The one-of-a-kind guitar, designed and built by artist Brent Gandy of Amarillo, Texas, brims with custom features—from Von Dutch–style pin striping on the back of the neck to a hand-carved bull’s head headstock—all of which are connected to an authentic bull skull.
“I’ve been messing with bull skulls since I was little kid,” says Gandy, the ranch-raised son of a former professional bull rider.
“My brother and I would put bull heads in ant beds, and the ants would clean them down to the bone.” Gandy, who runs an auto body shop, began creating works of art with the skulls, polishing them with the same process he employs to finish cars and inlaying the natural indentations with turquoise.
But with the Cowcaster, a bovine ode to his idol, fellow Texan Billy Gibbons, Gandy cranked things up a notch. Along with friend and guitar builder Bud Herber, he put together a wish list of Gibbons-preferred components and specs.
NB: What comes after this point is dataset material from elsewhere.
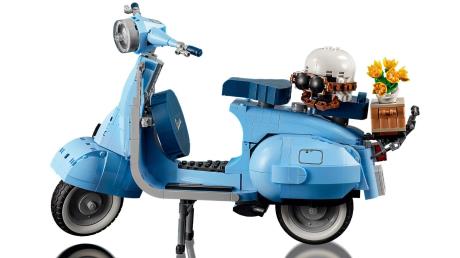 Конструктор LEGO Icons Vespa 1106 деталей (10298) - фото 0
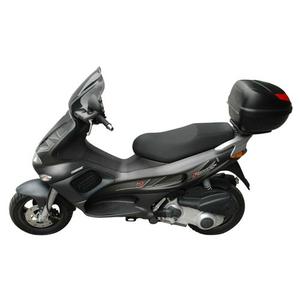 sr126-wspornik-gornej-czesci-obudowy-skutera-givi-monolock-gilera-runner-50-125-200-06-a-15-czarny-tu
Then the duo went to work.
“We knew Billy used Seymour Duncan BG-1400 Pearly Gates pickups, so we called and spoke to Maricela Juarez,” says Gandy, referring to Seymour Duncan’s custom shop manager. “She said she was winding two Pearly Gates pickups for Billy. We asked her to wind a third for us.”
The 11-pound guitar has a beefy Warmoth maple neck with a “boat-neck” profile, 22 stainless frets, abalone inlays and Steinberger gearless tuners. Other features include abalone-capped volume and tone knobs and a billet aluminum spine to support the neck. This raging bull blows smoke from its nose and ears, and its eyes and nose light up with red LEDs.
So how does it sound? “Badass,” Gandy says. “It’s throaty and has lots of sustain. Because of the pine body that’s integrated into the skull, it resonates like no other guitar.”